Mr. Mubarak is charged with involvement in the killings of more than 800 protesters in an uprising that forced the long-serving president out of office in February.

His co-defendants include his two sons, his former interior minister and six senior security officers. All of them appeared in the Cairo court Sunday as the judges announced their decision to postpone the trial.

Lawyers for relatives of those killed in the uprising have appealed to a separate court to replace the three-judge panel in the Mubarak case. The appeals court is due to rule on that request on December 26.

In another development, Egyptian military prosecutors detained a prominent blogger Sunday, after summoning him to answer questions about his role in a deadly Cairo street battle earlier this month.
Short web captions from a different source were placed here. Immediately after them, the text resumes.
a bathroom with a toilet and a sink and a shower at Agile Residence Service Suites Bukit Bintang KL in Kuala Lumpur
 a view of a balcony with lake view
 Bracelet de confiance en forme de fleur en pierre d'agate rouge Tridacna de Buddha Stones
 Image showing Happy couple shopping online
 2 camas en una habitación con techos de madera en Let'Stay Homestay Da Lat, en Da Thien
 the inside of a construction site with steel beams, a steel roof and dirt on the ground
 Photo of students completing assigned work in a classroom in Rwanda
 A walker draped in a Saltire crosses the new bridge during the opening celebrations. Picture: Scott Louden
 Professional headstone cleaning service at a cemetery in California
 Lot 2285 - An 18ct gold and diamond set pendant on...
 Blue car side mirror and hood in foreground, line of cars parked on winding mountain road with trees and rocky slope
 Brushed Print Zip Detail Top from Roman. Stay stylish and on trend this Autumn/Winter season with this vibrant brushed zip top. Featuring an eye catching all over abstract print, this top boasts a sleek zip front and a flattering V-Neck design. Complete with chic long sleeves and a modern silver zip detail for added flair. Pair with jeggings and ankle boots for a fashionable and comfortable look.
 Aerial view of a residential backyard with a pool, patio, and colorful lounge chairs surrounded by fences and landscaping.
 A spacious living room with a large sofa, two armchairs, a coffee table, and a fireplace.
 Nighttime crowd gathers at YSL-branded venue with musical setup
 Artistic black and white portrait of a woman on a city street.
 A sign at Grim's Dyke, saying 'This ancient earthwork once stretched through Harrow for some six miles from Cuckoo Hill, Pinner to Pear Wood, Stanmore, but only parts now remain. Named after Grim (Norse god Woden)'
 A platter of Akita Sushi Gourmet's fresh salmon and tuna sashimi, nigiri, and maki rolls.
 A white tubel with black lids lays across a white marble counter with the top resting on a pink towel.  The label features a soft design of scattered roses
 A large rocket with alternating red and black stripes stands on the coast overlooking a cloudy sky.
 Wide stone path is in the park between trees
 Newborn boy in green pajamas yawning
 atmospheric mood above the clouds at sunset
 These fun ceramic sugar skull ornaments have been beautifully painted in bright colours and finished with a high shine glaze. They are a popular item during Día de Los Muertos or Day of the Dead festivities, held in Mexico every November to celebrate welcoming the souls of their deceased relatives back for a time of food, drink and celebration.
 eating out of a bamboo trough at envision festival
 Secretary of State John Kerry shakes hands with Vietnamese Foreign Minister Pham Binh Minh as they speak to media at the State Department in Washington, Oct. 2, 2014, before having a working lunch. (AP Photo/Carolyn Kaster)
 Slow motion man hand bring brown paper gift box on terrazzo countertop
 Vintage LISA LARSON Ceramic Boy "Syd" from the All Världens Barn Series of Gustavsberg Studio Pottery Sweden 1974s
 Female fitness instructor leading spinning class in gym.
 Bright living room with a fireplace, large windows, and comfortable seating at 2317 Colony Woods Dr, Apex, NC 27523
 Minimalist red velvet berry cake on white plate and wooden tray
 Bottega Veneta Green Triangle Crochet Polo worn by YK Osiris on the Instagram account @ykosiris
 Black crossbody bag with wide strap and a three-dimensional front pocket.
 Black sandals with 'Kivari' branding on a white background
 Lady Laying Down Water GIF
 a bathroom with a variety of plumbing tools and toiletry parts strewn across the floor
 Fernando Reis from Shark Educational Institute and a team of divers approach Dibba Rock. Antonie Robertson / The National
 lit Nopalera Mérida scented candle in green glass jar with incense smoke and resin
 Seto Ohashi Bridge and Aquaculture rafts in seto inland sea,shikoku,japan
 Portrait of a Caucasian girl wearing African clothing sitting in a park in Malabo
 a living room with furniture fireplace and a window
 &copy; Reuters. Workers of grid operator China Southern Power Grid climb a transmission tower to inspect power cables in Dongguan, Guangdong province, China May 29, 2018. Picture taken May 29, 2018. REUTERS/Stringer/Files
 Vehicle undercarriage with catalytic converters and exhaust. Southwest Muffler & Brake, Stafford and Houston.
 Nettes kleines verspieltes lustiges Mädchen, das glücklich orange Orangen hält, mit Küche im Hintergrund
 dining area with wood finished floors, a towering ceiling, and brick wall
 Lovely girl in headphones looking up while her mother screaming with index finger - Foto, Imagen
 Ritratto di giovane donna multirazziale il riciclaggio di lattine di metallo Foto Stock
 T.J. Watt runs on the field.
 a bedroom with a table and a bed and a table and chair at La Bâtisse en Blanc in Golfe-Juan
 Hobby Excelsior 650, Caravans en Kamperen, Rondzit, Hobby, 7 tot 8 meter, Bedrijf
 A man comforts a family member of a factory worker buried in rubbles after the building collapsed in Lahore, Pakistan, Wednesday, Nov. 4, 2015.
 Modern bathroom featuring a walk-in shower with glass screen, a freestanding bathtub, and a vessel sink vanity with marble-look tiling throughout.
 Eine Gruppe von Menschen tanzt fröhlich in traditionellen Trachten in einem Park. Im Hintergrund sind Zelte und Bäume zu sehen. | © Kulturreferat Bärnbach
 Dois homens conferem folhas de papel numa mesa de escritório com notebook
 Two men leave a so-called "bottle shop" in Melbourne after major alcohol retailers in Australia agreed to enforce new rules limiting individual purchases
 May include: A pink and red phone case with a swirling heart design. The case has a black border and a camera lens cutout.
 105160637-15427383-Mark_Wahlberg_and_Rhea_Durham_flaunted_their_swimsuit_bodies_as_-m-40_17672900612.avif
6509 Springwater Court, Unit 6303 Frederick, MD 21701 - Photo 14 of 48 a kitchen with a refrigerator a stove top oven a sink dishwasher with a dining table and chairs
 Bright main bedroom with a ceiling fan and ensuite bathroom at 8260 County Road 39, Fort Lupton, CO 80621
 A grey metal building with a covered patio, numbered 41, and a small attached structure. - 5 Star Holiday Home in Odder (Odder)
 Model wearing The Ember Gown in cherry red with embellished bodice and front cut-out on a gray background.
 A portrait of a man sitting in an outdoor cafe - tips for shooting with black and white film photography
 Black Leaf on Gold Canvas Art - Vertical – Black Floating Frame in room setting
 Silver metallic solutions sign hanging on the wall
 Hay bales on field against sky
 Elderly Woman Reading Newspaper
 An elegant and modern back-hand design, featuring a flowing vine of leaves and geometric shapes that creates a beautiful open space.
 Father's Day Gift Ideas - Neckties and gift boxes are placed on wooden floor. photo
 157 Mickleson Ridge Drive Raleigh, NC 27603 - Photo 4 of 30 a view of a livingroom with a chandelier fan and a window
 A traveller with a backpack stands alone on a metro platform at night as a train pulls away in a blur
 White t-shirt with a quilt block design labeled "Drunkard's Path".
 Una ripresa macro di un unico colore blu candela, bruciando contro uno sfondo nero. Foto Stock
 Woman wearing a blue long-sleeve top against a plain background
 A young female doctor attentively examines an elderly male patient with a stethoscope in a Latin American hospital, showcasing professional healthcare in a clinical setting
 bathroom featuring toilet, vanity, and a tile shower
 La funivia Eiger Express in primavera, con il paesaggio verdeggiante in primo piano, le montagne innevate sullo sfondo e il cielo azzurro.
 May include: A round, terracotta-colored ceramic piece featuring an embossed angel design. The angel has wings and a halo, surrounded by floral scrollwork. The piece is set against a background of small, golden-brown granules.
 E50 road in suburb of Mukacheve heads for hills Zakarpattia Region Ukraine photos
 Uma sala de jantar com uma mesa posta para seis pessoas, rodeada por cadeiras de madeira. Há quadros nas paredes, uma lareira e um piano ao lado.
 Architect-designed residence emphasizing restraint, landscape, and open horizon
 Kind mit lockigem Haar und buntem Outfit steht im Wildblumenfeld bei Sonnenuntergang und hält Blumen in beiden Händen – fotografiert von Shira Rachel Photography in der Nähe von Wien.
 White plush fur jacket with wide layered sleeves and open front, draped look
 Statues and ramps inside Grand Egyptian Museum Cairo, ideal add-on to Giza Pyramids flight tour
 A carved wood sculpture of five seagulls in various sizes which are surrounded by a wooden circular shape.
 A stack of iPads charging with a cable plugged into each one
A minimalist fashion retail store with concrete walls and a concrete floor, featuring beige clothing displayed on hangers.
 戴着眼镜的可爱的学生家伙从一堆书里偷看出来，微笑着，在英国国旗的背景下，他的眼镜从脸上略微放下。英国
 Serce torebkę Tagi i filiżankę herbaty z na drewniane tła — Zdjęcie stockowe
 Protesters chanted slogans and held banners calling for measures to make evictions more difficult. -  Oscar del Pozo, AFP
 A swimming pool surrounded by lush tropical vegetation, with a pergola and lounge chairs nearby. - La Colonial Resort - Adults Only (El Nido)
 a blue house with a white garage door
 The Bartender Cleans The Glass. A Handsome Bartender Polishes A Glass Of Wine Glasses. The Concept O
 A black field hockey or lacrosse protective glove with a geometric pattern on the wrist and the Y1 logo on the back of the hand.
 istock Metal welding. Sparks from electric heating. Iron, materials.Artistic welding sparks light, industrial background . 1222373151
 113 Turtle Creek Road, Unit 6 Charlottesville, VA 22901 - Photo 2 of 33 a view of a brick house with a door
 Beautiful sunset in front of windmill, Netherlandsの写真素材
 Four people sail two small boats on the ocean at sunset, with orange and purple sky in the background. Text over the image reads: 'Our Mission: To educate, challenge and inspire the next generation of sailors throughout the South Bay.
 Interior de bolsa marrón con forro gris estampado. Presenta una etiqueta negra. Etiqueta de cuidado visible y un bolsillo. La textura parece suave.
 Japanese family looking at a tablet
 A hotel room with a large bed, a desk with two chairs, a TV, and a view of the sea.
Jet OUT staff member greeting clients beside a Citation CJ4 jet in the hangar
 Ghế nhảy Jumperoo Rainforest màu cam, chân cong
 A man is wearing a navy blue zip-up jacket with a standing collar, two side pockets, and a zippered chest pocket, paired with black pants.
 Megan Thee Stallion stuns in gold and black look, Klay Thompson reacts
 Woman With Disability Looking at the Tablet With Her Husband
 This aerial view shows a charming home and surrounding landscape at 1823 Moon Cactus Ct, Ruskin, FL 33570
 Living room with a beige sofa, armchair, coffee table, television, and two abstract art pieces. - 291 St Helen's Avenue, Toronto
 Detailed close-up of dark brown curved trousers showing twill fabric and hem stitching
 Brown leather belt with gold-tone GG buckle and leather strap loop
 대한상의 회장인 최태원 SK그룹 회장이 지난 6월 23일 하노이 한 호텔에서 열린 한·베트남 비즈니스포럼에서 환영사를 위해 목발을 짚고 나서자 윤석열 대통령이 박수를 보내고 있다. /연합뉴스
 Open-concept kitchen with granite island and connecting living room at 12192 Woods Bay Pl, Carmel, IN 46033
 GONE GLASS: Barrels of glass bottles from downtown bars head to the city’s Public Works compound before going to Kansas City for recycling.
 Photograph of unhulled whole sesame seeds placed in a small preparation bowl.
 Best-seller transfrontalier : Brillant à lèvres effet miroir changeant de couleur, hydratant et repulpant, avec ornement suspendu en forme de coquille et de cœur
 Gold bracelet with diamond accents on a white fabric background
Twenty-five people were killed in the fighting October 9, mostly Coptic Christians who were protesting against an Islamist attack on a church in southern Egypt. Egyptian authorities said several security personnel were among those killed as they tried to break up the protest, which turned violent.

Military prosecutors charged blogger Alaa Abdel Fattah with inciting and participating in the violence and ordered him to be detained for 15 days pending an investigation. A second activist who appeared before the prosecutors, Bahaa Saber, faced the same charges, but was not detained.

Fattah's sister said both activists refused to answer the military prosecutors' questions because the activists believe military authorities should not be involved in their case. Egypt's military rulers have put thousands of civilians on trial in military courts since taking power from Mr. Mubarak.

Human rights groups say such military trials are unfair and result in harsh sentences.